As long as I can remember, I was around lacrosse. I was a coach’s son. He coached at a predominantly white school. My dad’s players were the guys I looked up to as athletes. They weren’t all white, but most of them were. So my lacrosse role models rarely looked like me. And I never cared. That never deterred me.
I grew up in a predominantly black neighborhood, so I was pretty much the only one that knew anything about lacrosse.
There were days that I’d bring my stick to football practice, and it was completely foreign to most of the people at the park. Ironically, from time to time, I would actually get words of encouragement from older black people who did not recognize the game, but who understood the significance of a young black male engaging and succeeding in a sport (or any arena, really) so dominated by white males.

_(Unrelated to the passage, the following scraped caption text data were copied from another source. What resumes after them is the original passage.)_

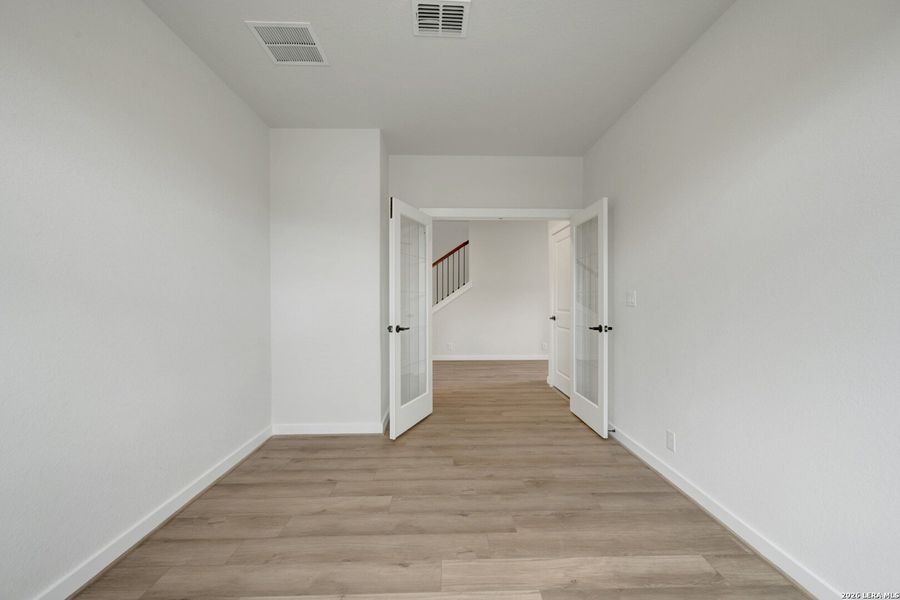 Spacious, unfurnished interior of a new home in Mayfair - Select Garden Series, New Braunfels (Image 26). Spacious, unfurnished interior of a new home in Mayfair - Select Garden Series, New Braunfels (Image 26).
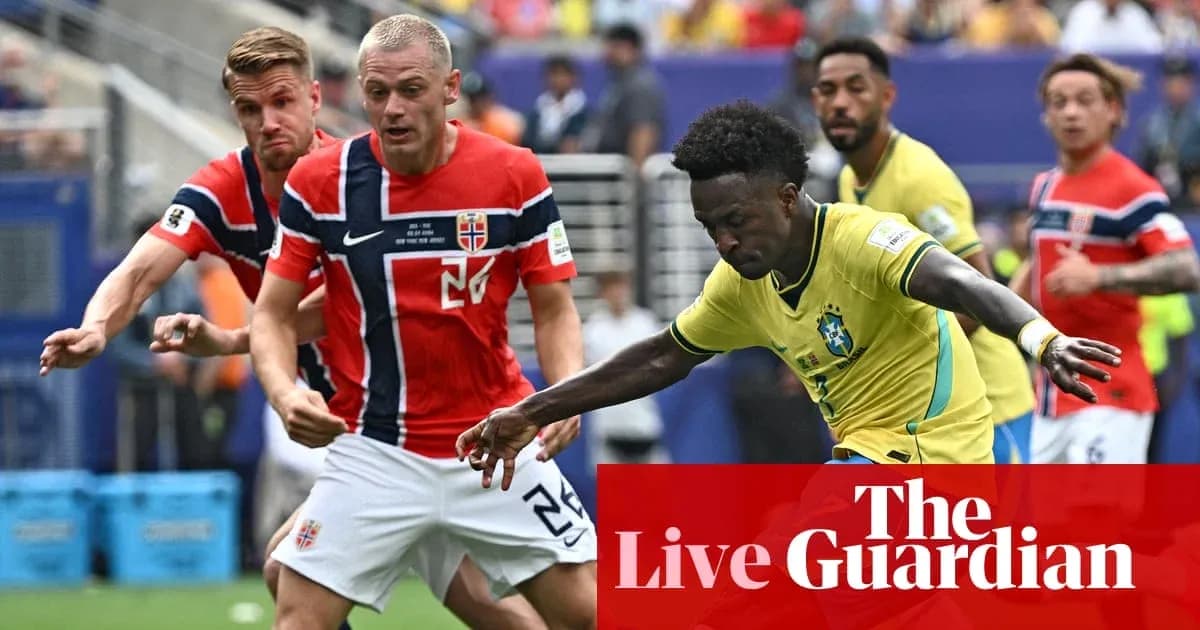 Jugador de Brasil driblando a defensores de Noruega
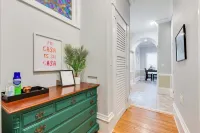 Charming 2-bedroom house with WiFi, AC, & Patio in the heart of Richmond! - 3 ดาว
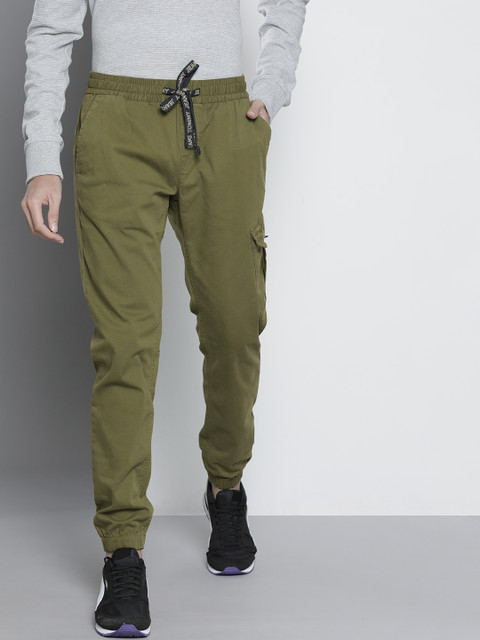 

Tommy Hilfiger Men Olive Green Solid Joggers Trousers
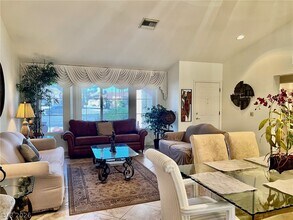 2404 Floyd Ct in Las Vegas, NV - Building Photo - Building Photo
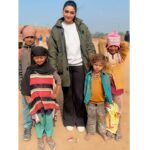 Preeti Verma Instagram - Life lately🫶… …..some beautiful moments captured while shooting❤️ PC: @kaviravikant #zilahathras #movieshooting #memories #shootlocation #hathras #village #wintervibes Hathras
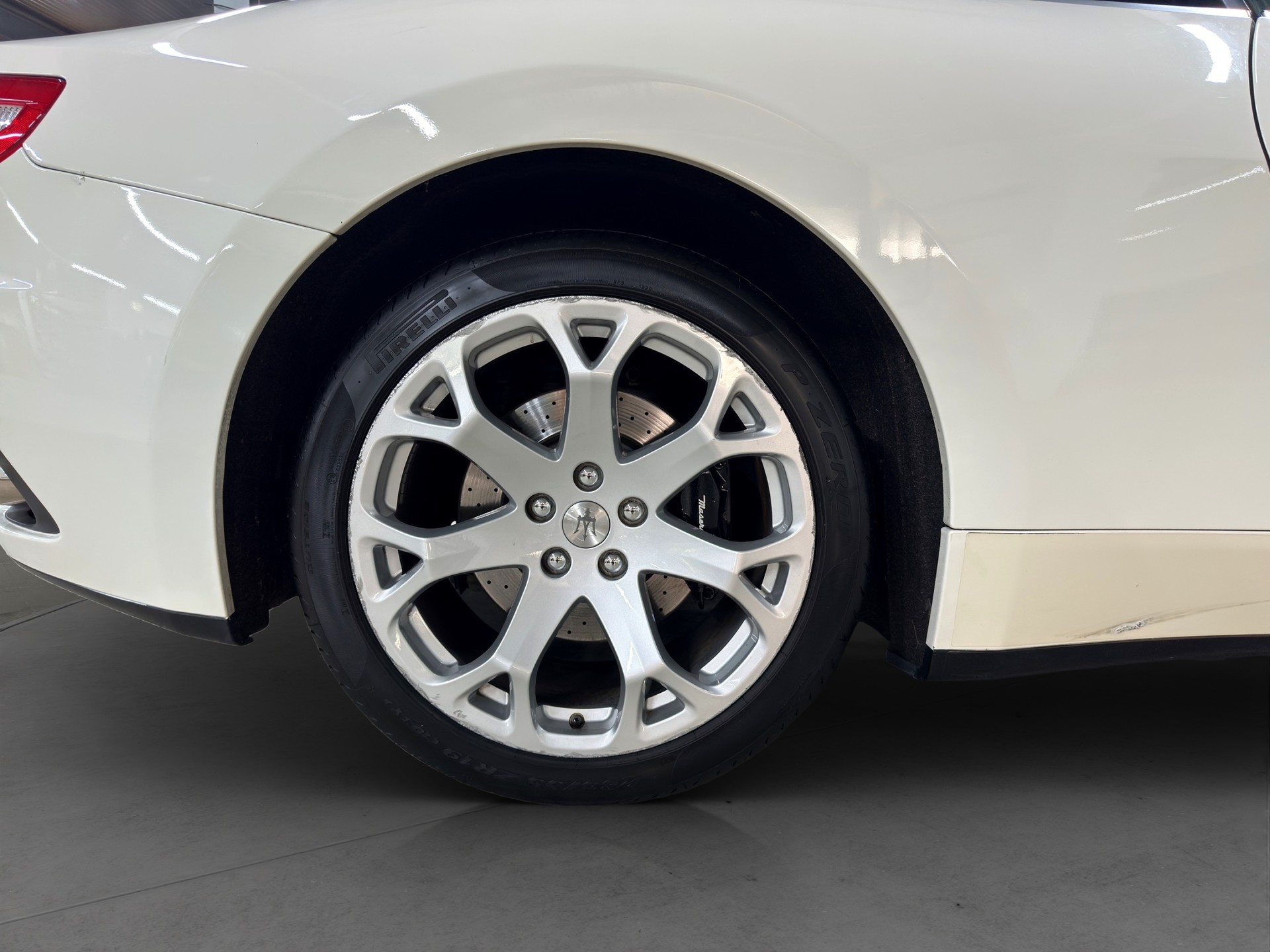 MASERATI GranTurismo Automatica-image-9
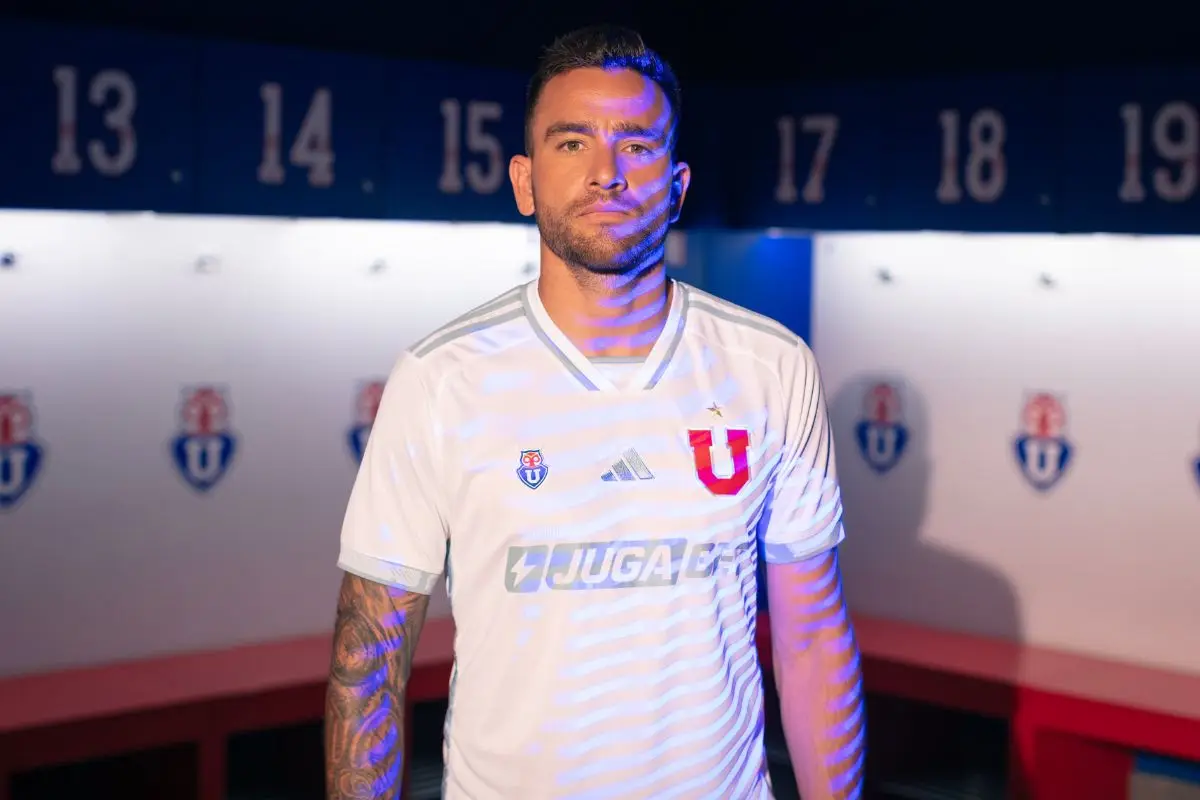 Zaldivia lucirá de blanco igual que en Colo Colo, Universidad de Chile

As I grew up, I became more acutely aware of what it meant to be around my peers and be the “only.” When I got to Brown, that’s when I began to understand how being the “only” provided me a platform and an opportunity to impact others. I spent a semester teaching in New York, creating a project centered around setting goals and choosing positive role models. It was awesome to see the impact I had on those kids, some of whom I still keep in touch with today. That was a big moment. The joy I found using this sport to expose kids to new experiences — to lacrosse, to an Ivy League institution — is difficult to put into words. This sport provided me that opportunity.